Gross Wages

gross-wagesWhat are Gross Wages?

Definition: Gross wages are you overall earnings from your employer before any type of payroll deductions.

What comes to mind when someone says to you, ‘your gross salary is X amount of money?’ Well, a majority of people just walk away in content and perhaps without getting down to the details of what it entails. A gross wage plays a significant role in attracting the right kind of people to any job. It is the exclusive amount of money offered to an employee before any deductions such as taxes are affected.

However, the amount is also dependent on whether or not the employment was full time, part-time, or on a wage rate. All the same, each employment status attracts a specific deduction from the total wages. The deductions eventually determine what an employee takes home as their pay.


Gross Wage Calculation Example

Emmy and Winnie work for the same employer. Emmy is on a yearly contract of employment and earns $62,000 per year. Winnie works on an hourly basis, whereby she receives $20.00 per hour. The two employees work for 40 hours every week and have a $500 deduction from their wages for medical insurance.

Therefore Emmy’s gross salary will be:

$62,000 (Annual Salary)/52weeks in a year = $1,192.31 per week

Winnie’s gross salary will be: –

$20.00 per hour x 40 hours weekly = $800.

NOTE: The $500 deduction of medical insurance has not been enforced yet from their wages.


What Constitutes a Gross Wage?

Gross wages come in bulk of several components and must be reflected on the payroll. They include overtime, sick pay, vacation and holiday pay, commissions, bonuses or piece rage pay, tips, hourly wages, and salaries and any other pre-arranged employee benefits.

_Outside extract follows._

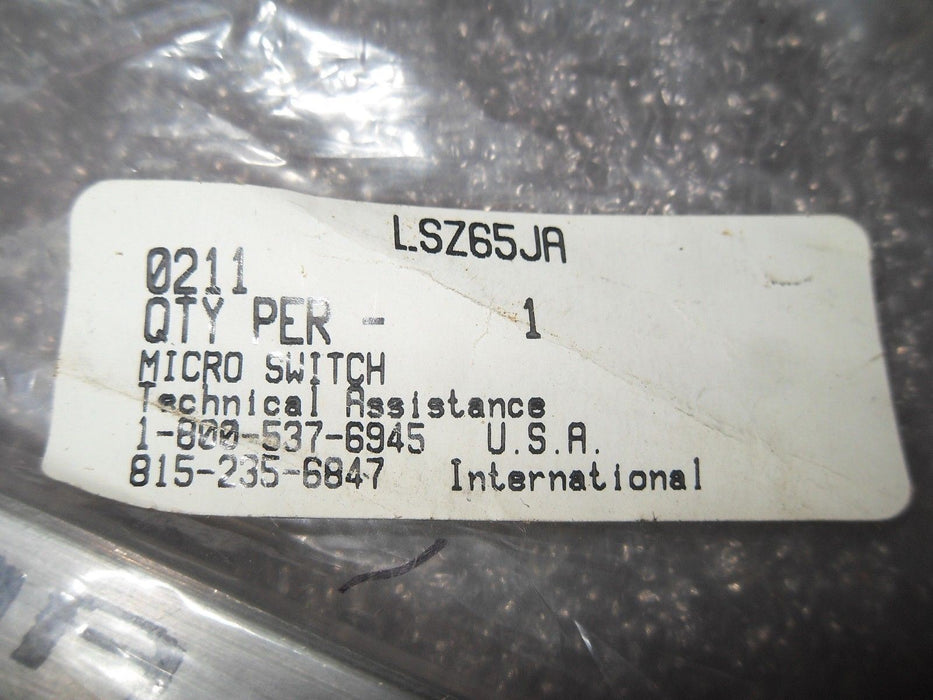 Honeywell Microswitch LSZ65JA Limit Switch Roller Arm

The total of all these attracts various deductions. They are health insurance, pension contribution, medical tax, dental insurance, charitable contributions, social security taxes, and life insurance. What remains is known as net pay and what the employee gets on payday.

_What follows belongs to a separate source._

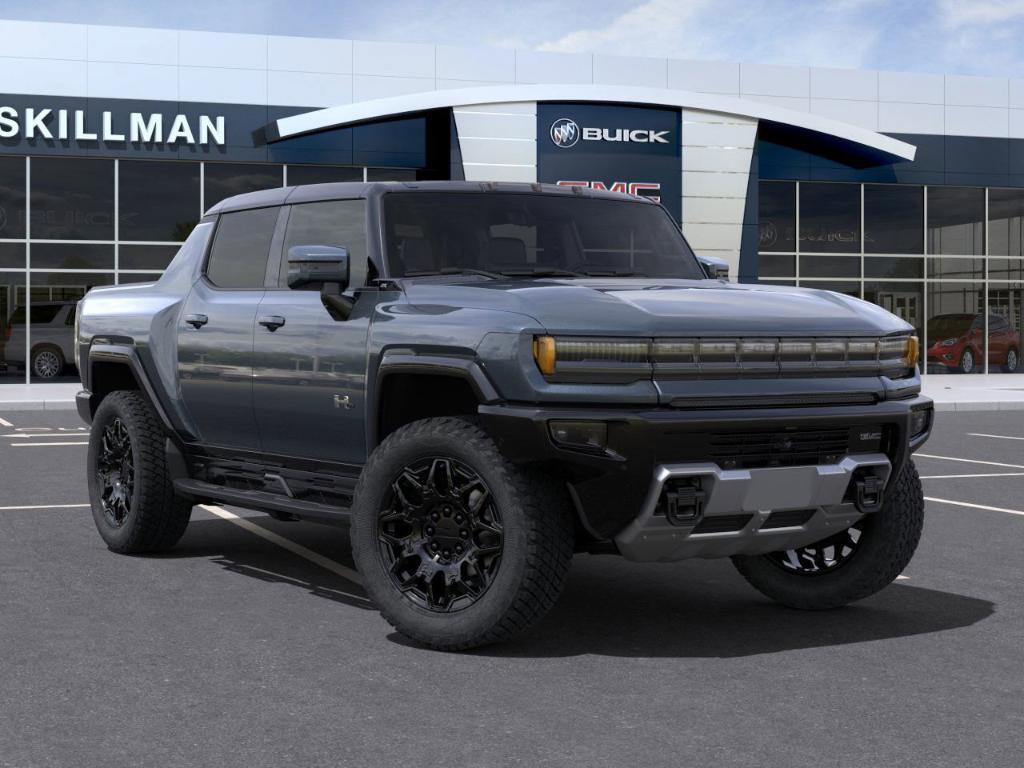 new 2025 GMC HUMMER EV car, priced at $97,820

You should care more about the net pay than gross pay!

At the point of being offered a job, many people tend to pay more attention to gross pay than the net salary. Well, this may sound theoretically right, it is theoretically wrong. Remember, you will not take home the gross the pay but the net pay. Hence, you should care more about the latter and not the former. It is because it has a better indicator or how much you will, and to some extent, it helps come up with a clear measure of your expenses.

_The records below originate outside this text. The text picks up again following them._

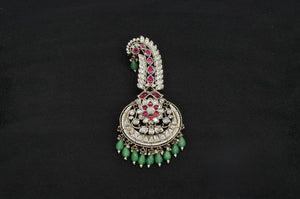 Kundan Kalgi 10577 - KRISHNA'S SWETA JEWELLERY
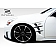 Extreme Dimensions Fender - Fiberglass Black Primered Set Of 2 - 108243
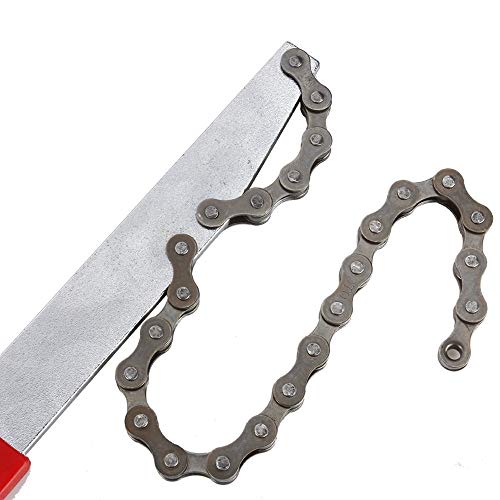 SUNTRADE Bike Cassette Removal Tool with Chain Whip and Auxiliary Wrench Bicycle Sprocket Removal Tools - Thumbnail 5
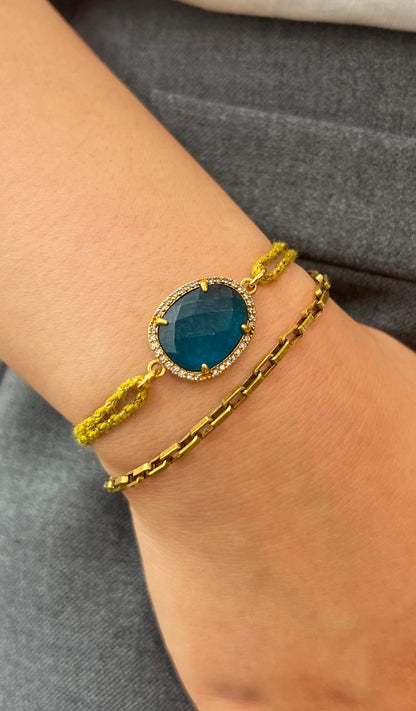 Bracelet Cordon color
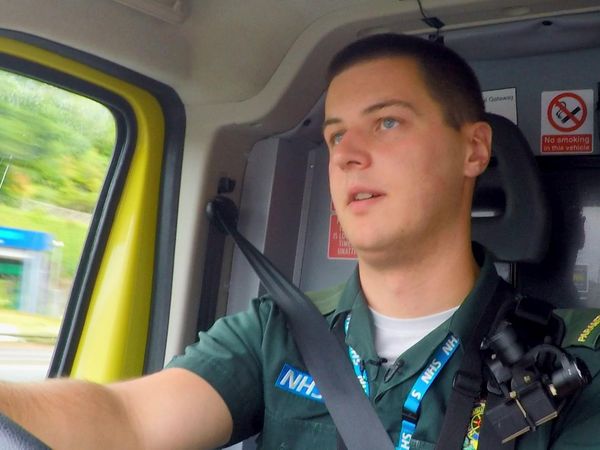 Inside the Ambulance - Tummy Trouble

Also remember the discrepancy, which arises in tax rates for single and married taxpayers. You may be single and earning the same gross income with a married person with two children. If you are both receiving a total pay of $60,000 with a benefit deduction of $100, the single person will take home around $42,000 while the married one will have a net income of $44,770. The tax exemptions of having children protect him.


Net Income in a Business vs Gross Wages

It implies to the profit a business makes after effecting all the expenses. It is what remains; hence it is commonly referred to as the “bottom line” and the fact that it also appears at the bottom of an income statement. Expenses of business would include employees’ wages, taxes, depreciation, loan repayment, and cost of raw materials.

The production of a net income by any business showcases its viability and the potential of remaining competitive. Net income also eases financing, and any consistent firm or business has the upper hand in commanding a share of the market. Such companies are not only prestigious, but they also able to attract the right talents, can pay their employees well, attract investors, expand, and are generally successful.

However, most of the successful businesses tend to plow back all the created income into the business. The result is that the cash at hand is usually lower at the end of the trading period than at the beginning.